Friday, March 21, 2008

BATTER UP: LOS ANGELES DODGERS

It's staying light longer, the Leafs are all-but-eliminated ... that can mean only one thing: We'll soon see the first halter dress of the season! OK, two things: It's time for baseball, the timeless game that involves committing to a team for six months after reading all winter about why they won't win jack squat. Here's a "starting nine" for the Los Angeles Dodgers.

  1. It's nice to see John Ferguson Jr. is doing consulting work: Dodgers GM Ned Colletti has a fetish for burdening his ballclub with veterans who, if not over the hill, have at least crested. See: Nomar Garciaparra -- he's likely to start the season on the disabled list; you don't say -- Juan Pierre, Andruw Jones and Luis Gonzalez (now playing for Florida at age 40). Hey, in 2001, that would have been one hell of a core group.

    In fairness, Jones isn't that bad.

    Now, here's where the Leafs analogy kind of dies. The Dodgers' young guys who have been blocked -- Matt Kemp, James Loney and Andre Ethier (pictured) -- are actually talented.
  2. Joe Torre works Blue: Ya, it's going to take some getting used to after his 12 seasons in the Yankees dugout, where he mastered the art of appearing to be deep in thought when he was really just staring straight ahead in David Puddy fashion.

    The Dodgers moving their spring training home to Arizona, that's an adjustment as well.

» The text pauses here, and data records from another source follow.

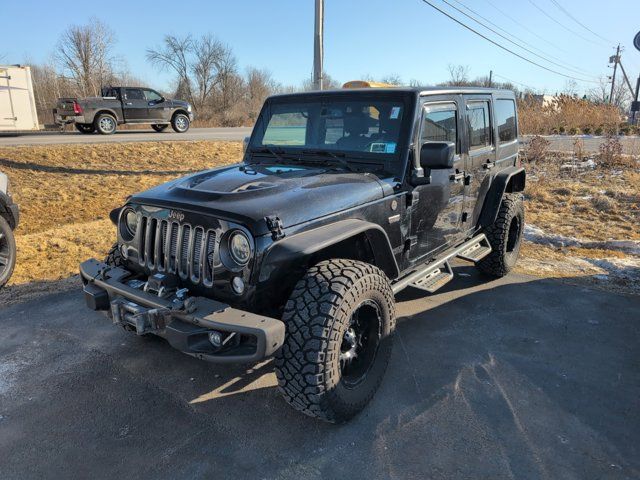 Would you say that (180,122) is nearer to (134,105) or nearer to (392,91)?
(134,105)

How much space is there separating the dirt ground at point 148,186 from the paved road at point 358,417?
4.99 ft

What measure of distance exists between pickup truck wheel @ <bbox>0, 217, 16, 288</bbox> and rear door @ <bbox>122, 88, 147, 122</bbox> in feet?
47.1

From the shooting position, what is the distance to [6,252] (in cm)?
481

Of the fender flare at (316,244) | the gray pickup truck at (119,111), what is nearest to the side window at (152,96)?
the gray pickup truck at (119,111)

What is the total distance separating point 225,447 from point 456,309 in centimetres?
265

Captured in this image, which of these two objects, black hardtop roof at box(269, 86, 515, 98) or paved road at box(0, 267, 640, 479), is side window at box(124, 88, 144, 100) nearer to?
paved road at box(0, 267, 640, 479)

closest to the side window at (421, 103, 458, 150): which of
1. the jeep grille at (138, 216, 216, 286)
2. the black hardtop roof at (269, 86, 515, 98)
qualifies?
the black hardtop roof at (269, 86, 515, 98)

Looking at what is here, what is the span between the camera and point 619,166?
13.0 metres

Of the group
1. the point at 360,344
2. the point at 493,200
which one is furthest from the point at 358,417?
the point at 493,200

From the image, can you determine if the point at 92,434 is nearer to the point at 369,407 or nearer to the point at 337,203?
the point at 369,407

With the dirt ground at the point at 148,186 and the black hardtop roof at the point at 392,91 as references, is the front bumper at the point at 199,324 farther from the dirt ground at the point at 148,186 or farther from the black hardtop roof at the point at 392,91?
the dirt ground at the point at 148,186

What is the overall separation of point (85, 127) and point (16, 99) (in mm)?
2398

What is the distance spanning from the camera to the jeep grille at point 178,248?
8.80 feet

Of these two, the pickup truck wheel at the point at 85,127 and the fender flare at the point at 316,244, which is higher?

The upshot is that Torre probably won't burn out star catcher Russell Martin (he's Canadian!) the way that then-manager Grady Little did last summer. Martin crashed in the second half; Torre might have a better concept of "rest."

    (Remember, Little is the same manager who couldn't figure out that Pedro Martinez was knackered in Game 7 of the 2003 ALCS, even when it was obvious to people in parts on the world where they actually use the word "knackered.")
  3. Nine out 10 baseball geeks agree... That they would want to date 20-year-old lefty Clayton Kershaw if they were a woman or gay. Failing that, they'll just draft him in their keeper leagues this season. He's 6-foot-3, 210 lbs., has electric stuff and a smooth motion and averaged 12 strikeouts per nine innings in his first full pro season. He's got it all, except for a tougher-sounding first name.
  4. That's why Donnie Baseball left the Yankees: New hitting coach Don Mattingly's son, Preston Mattingly, is a 20-year-old infielder in the Dodgers system. He has potential, but he also hit .210 with no power or walks in Single-A last season and couldn't handle shortstop. It can't hurt to have his dad working for the club, eh?
  5. I don't know... third base? The Dodgers have had a hole at third base since Ron Cey retired his home-run waddle more than 20 years ago. L.A.'s third sadsackers had a gadawful .713 OPS in 2007. Naturally, Ned Colletti looked long and hard at the problem, and did nothing.
  6. Wouldn't that be rich: Second baseman Jeff Kent could make it to the Hall of Fame before archnemesis Barry Bonds does. The 40-year-old Kent's comparables are a Who's Who of Hall of Famers and near-misses and he hit (875 OPS) in 2007, so he's not slowing down.
  7. So much depends on: Well, the Dodgers can't have their 40-year-old second baseman be the team's best everyday hitter again. Jones is still only 31 years old; he should recover from his 2007 season that killed a thousand fantasy teams. Torre is probably smart enough to realize Rafael Furcal and Juan Pierre should only bat 1-2 on '80s Night, when the clock gets turned back to a time when most teams put a couple speedy slap hitters with no power or no plate discipline at the top of the lineup.

    (Pierre is actually decent when he leads off an inning; the rest of the time, he's "astonishingly awful," to quote Bill James.)
  8. Can't make too much of this: It's an election year in the States, which means superfan-sportswear mogul Alyssa Milano, who's been known to date a Dodger in her day, might end up spending more time campaigning for the Democratic nominee than hanging out at Dodger Stadium and being romantically linked to half the roster, including a few of the more mature-looking batboys.

    Hmmm, didn't the Dodgers' last division title came in 2004, which was also an election year? It did. Based on that alone, they're sure to win!
  9. Need-to-know: The National League is such a slag heap that any team which comes close to breaking even can't be ruled out as a contender in the new season. L.A. (82-80 last season) is basically a poor man's version of the Blue Jays: Good if injury-prone pitching and a below-average lineup by the standards of the Quadruple-A league. A reprise of 2007 -- when they had the best record in the NL on July 19 and faded away -- seems likely.